We did another experiment to prove the generality of the approach. We used CrowdForge to create purchase decision matrices to assist consumers looking to buy a new car. Given a short description of a consumer need, we created two partition tasks: one to decide which cars might be appropriate to consider, and one to decide which features the consumer cares most about. This double partition resulted in an empty product comparison chart. Each cell in the chart then spawned a map task to collect related facts. Next, these facts are reduced into a sentence, resulting in a product comparison chart. Here's an excerpt:

image

The entire task was completed in 54 different HITs for a total cost of $3.70. When we tried to compare to the individual case, we had no success getting individuals to generate a similar product comparison chart, even when offering more money than we paid the entire group.

Sweet Applications

MTurk is a one of my favorite tools for doing creative and novel projects.

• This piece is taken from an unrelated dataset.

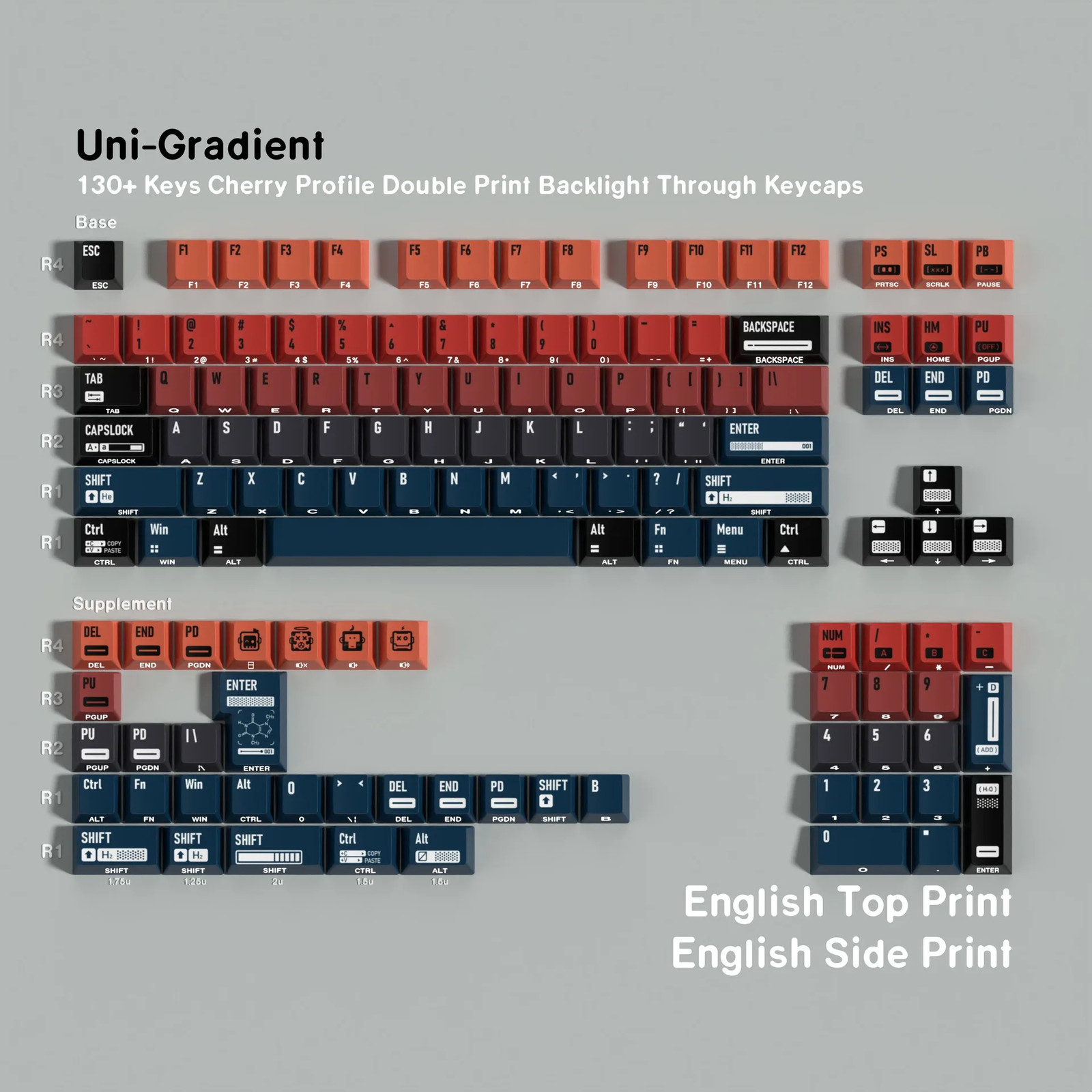 130-Key PBT Cherry Profile Keycaps Set Multi-Language Side-Lit for Mechanical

As illustrated, applying human intelligence to reduce and partition tasks, we can solve a new set of interesting problems. But there is much more to explore! For example, imagine collaborative drawing assignments in which a worker sketches out a picture, and subsequent workers refine the original picture by drawing sub-pictures or specific objects. Imagine requesting a trip plan and getting a researched day-by-day itinerary of what to see and do. Imagine partitioning a Java class into methods, outsourcing the implementation and unit test implementations.

CrowdForge is written as a Django application that communicates with MTurk servers using the Boto interface, which is a Python framework that encapsulates the Amazon Web Services API. CrowdForge regularly polls MTurk and fires notifications whenever interesting things happen (a new result comes in for a HIT, all HITs of a certain type are finished, a HIT is expired or complete). CrowdForge can manage many flows, which encapsulate code that determines how to respond to these events. For example, the article writing flow knows to create fact collection HITs for each outline topic once the outline is submitted. So to solve a new kind of complex problem, you would extend CrowdForge with a custom flow, like the following:

image

"But Boris", you say, "how can I get my hands on this CrowdForge framework of yours?" Indeed, we just released it for non-commercial use under the Creative Commons license. Let me know if you have any questions, comments or interest in collaborating or maintaining the framework.

Update (February 2011): CrowdForge was covered in NewScientist, in a CMU article, and in a NY Times blog.

Update (November 2011): The full paper was presented at UIST 2011 in Santa Barbara.